John Alexander & Agnes - Vespra to Busby . . .

John A. soldier web

John Alexander was born of parents Robert John Munro and Lucy Smith, on their farm on the 7thth line of Vespra Township (Simcoe County, Ontario.)  The year was 1858,  in February.  He was the first of their six children.  The earliest image we have of him is as a young soldier in the Simcoe County militia.  As well, from Bev & Phil Chatterlys’ collection, we have an image of his younger brother, Robert James, probably taken at the same time, and reliably tagged as being fourteen years of age.   That would put the John Alexander image as taken in 1880, when he was 22, which looks right.  We also have a manifest of members of the militia, showing two Munro brothers as serving at the same time. At that time, the militia was called the York and Simcoe Provisional Battalion, later called the 35 Regiment and yet later becoming the Grey and Simcoe Foresters. 

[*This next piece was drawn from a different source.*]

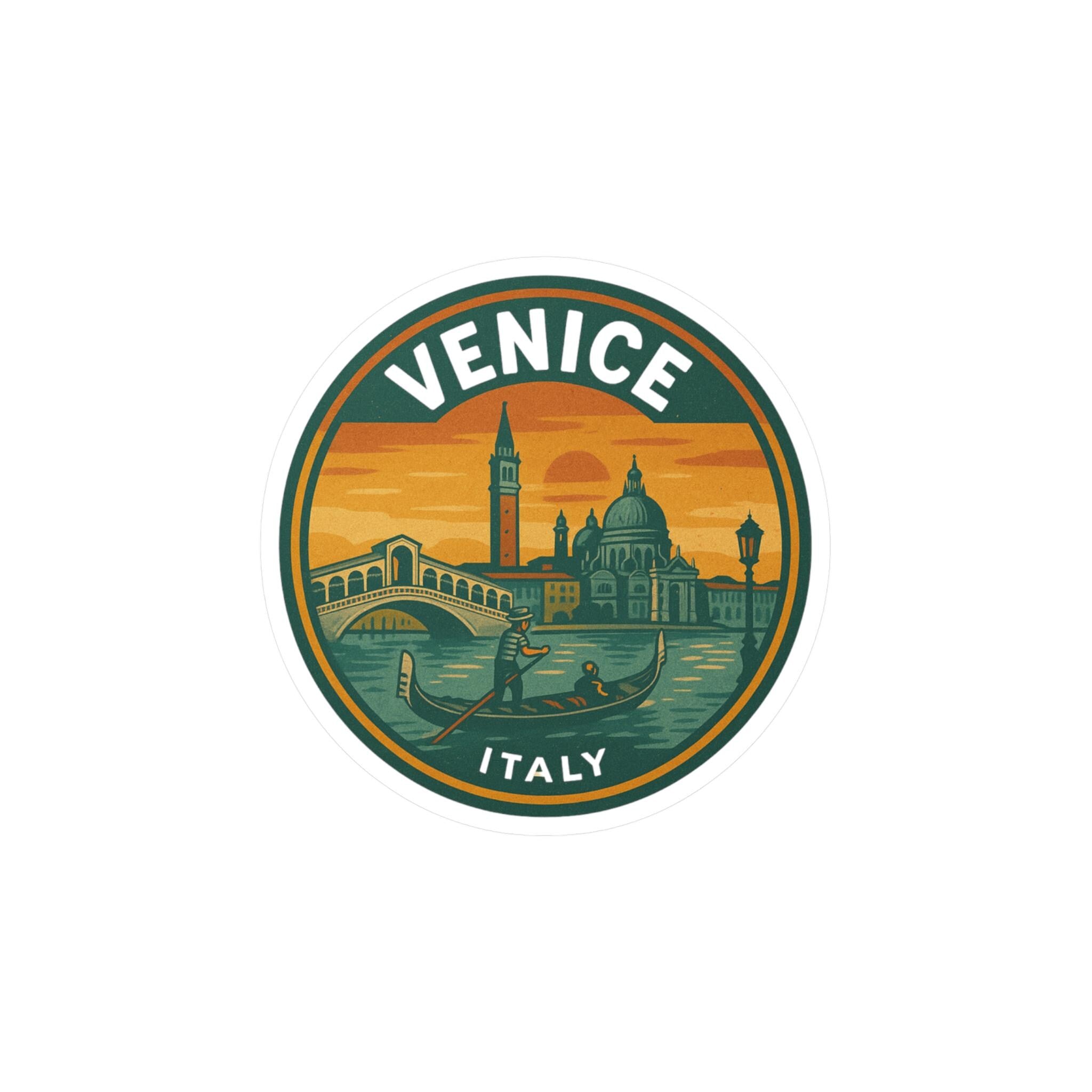 Venice Italy Sticker: Retro Vintage Waterproof Vinyl Decal for Laptop, Phone, Tumbler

 John Alexander’s obituary has him going west to Stony Mountain (just south of Winnipeg) in 1883, returning to Simcoe County and later heading west again, arriving in 1886.  We can only speculate what the Stony Mountain visit of 1883 might have been all about.  See the sidebar. 

 The Riel affair was settled in 1885 and we speculate that it was late in that year when John Alexander left the farm and again headed west.   His great Uncle Henry had settled in Ferndale, Washington, a village about thirty miles south of the Canadian border.  We can speculate that he would have been corresponding with Great Uncle Henry and family, who were in the lumber business in Ferndale and by all accounts enjoying prosperity. Staying at Vespra on the farm would not have held great prospects for John Alexander. It is true that as the oldest son, he would have inherited the farm, but with his father being only in his 50’s, inheritance could have been years away. As well, his parents, Robert and Lucy, had five other progeny to support.  If we are to judge by the way his life later unfolded, it is fair to suppose that John Alexander had a pioneer spirit and opting to head west was more in keeping with his personality than drudging away on an Ontario farm.  We have a letter sent to him in Ferndale by his brother, Robert James, dated 1888, so by that time he was already established in Ferndale. Great Uncle Henry died in 1888, but his uncle Hugh John Crawford (married to Henry’s daughter, Alathea) and his cousins, William and Edgar, were very much in the lumber business.  We have anecdotal information that John Alexander worked at lumbering and that he also dallied in fruit farming.  Fruit farming?  This suggests that he could have acquired land, but we know nothing about this.  What we do know is that he fell in love with Agnes Lynn Crawford, the grand-daughter of Henry Munro and therefore his second cousin.  In 1890, they were married in the church in Ferndale.  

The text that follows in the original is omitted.